PROBLEM: The entries below contain pictures, which are to be left out; write out exactly, and only, the lines from the line with "une image d'une machine dans une usine" up to and including the line with "Maison Familiale 7".

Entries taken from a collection
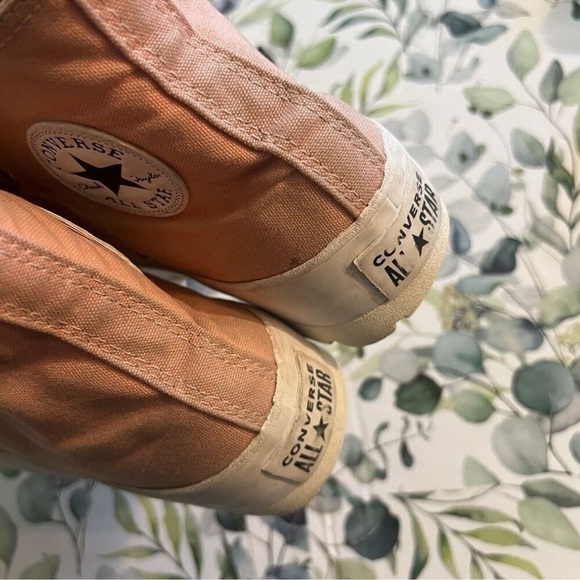 Converse Chuck Taylor All Star Pink Lugged Platform High Sneakers 7.5 - Picture 4 of 8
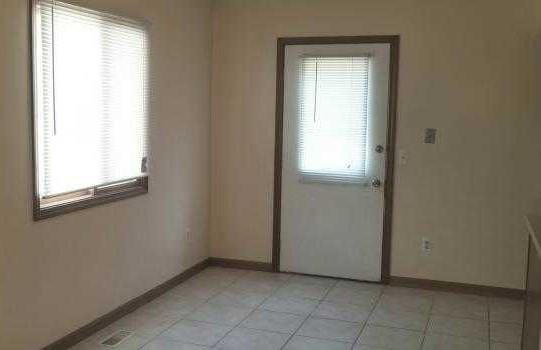 305 S Saginaw St - Photo 3 of 8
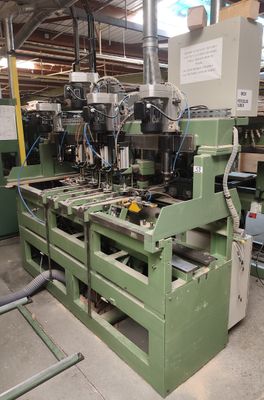une image d'une machine dans une usine
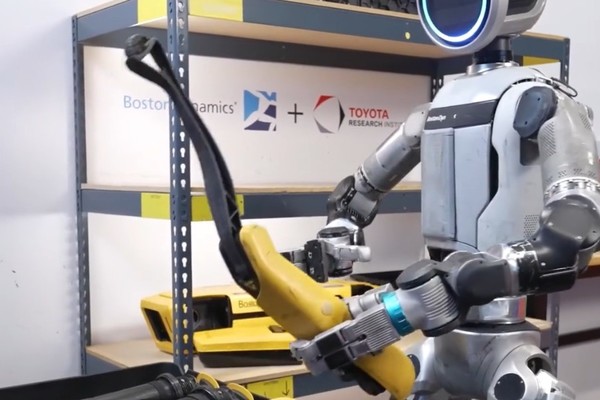 단일 모델 기반 휴머노이드 로봇. (출처=AI Lab)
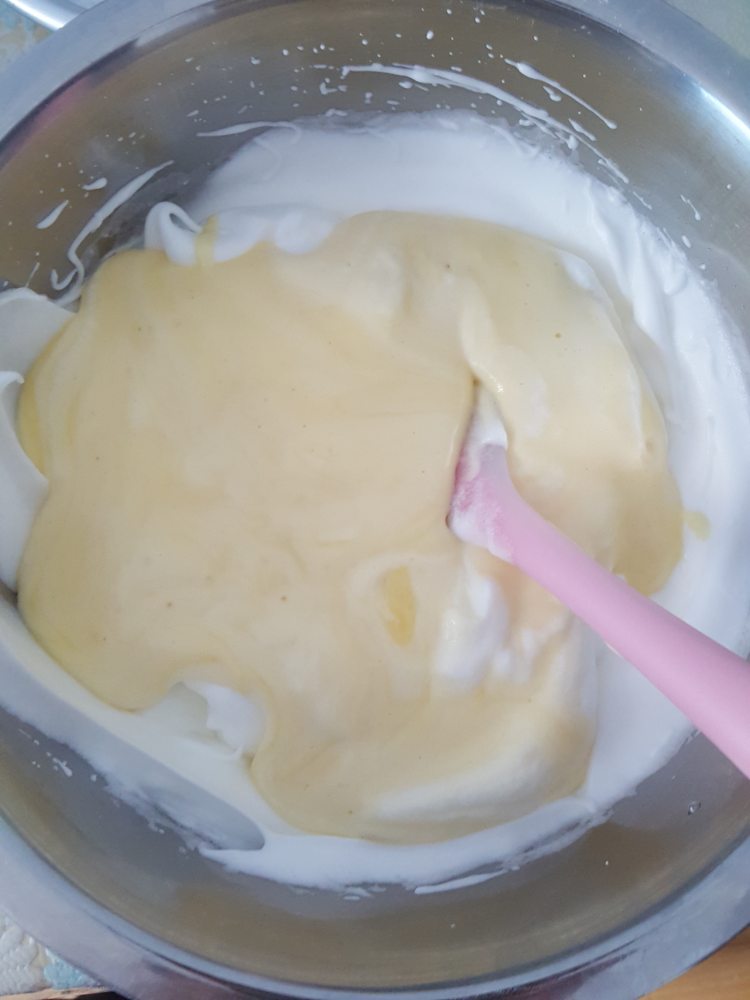 酸奶木糖醇戚风蛋糕步骤5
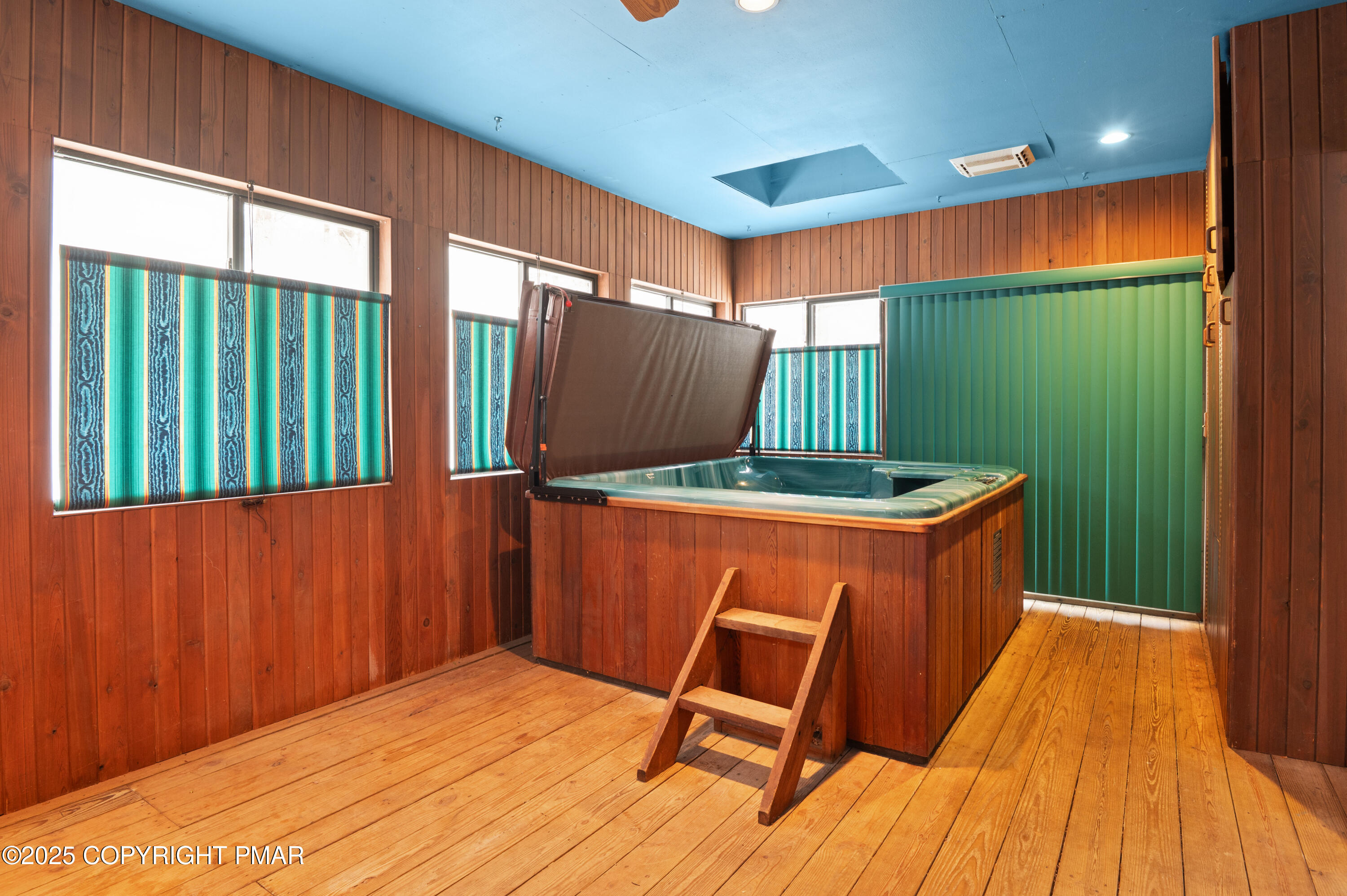 233 Pontiac Path Pocono Lake, PA 18347 - Photo 20 of 46 a workspace with furniture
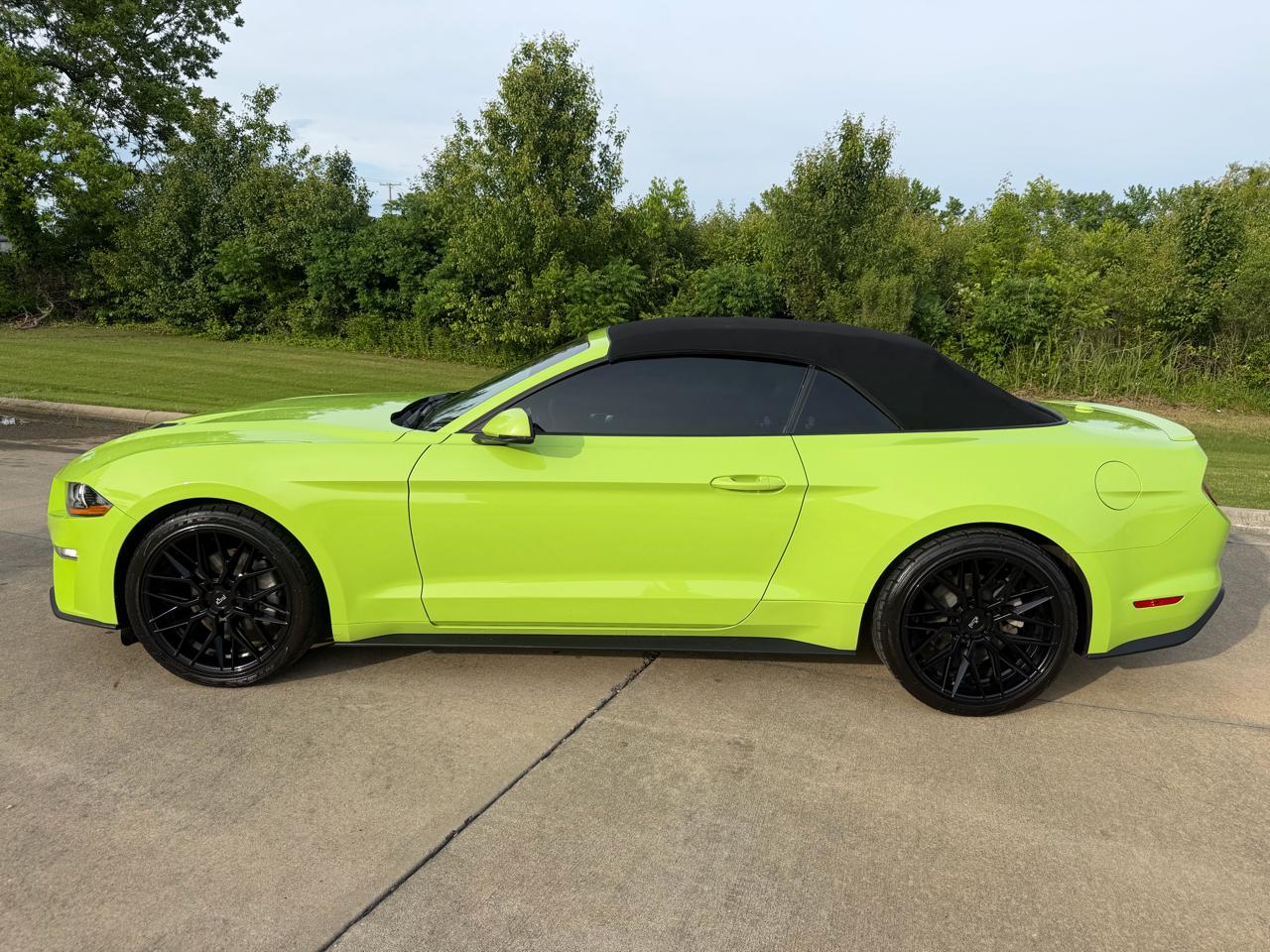 Ford Mustang 2dr Convertible Premium 2020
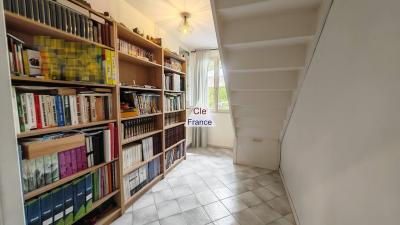 Maison Familiale 7 Pieces 5 Chambre Avec Grand Jardin Arbore Et Garage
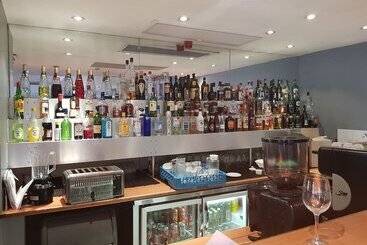 هتل Court Classique Suite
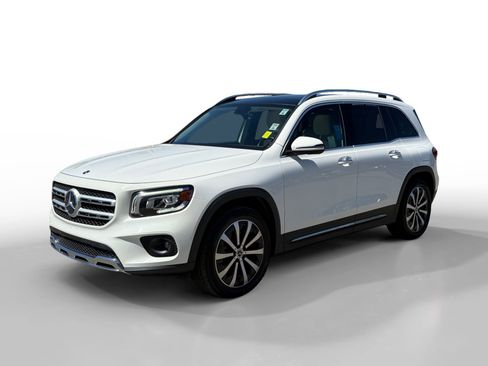 Used 2020 Mercedes-Benz GLB 250 4MATIC image 1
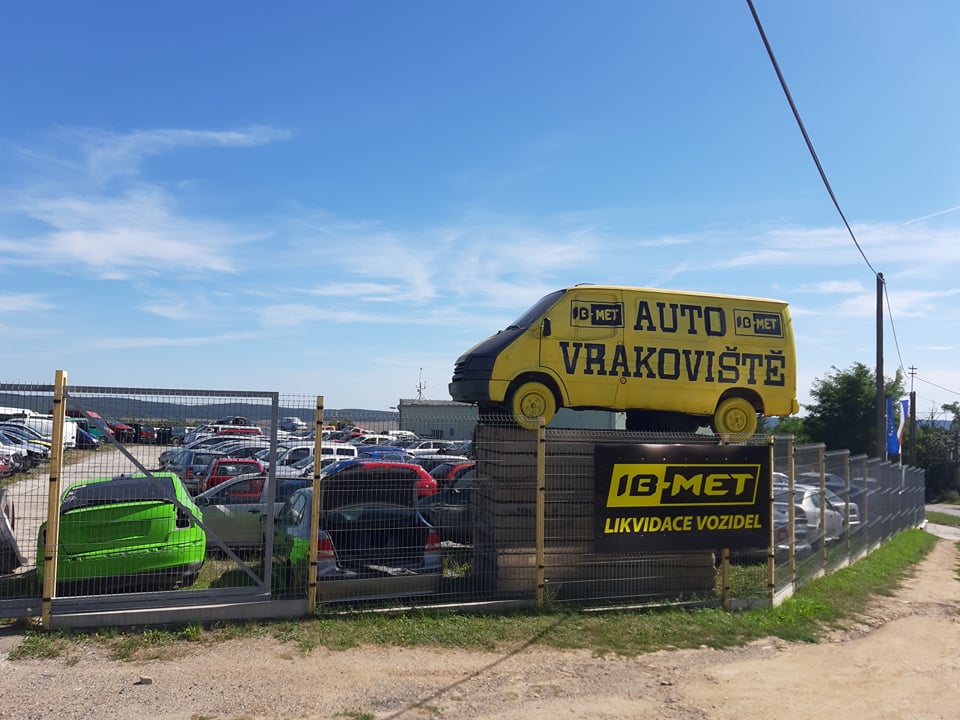 IB-MET s.r.o. Ekologická likvidace vozidel, výkup autovraků, autovrakoviště foto 6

WRITTEN REPLY:
une image d'une machine dans une usine
 단일 모델 기반 휴머노이드 로봇. (출처=AI Lab)
 酸奶木糖醇戚风蛋糕步骤5
 233 Pontiac Path Pocono Lake, PA 18347 - Photo 20 of 46 a workspace with furniture
 Ford Mustang 2dr Convertible Premium 2020
 Maison Familiale 7 Pieces 5 Chambre Avec Grand Jardin Arbore Et Garage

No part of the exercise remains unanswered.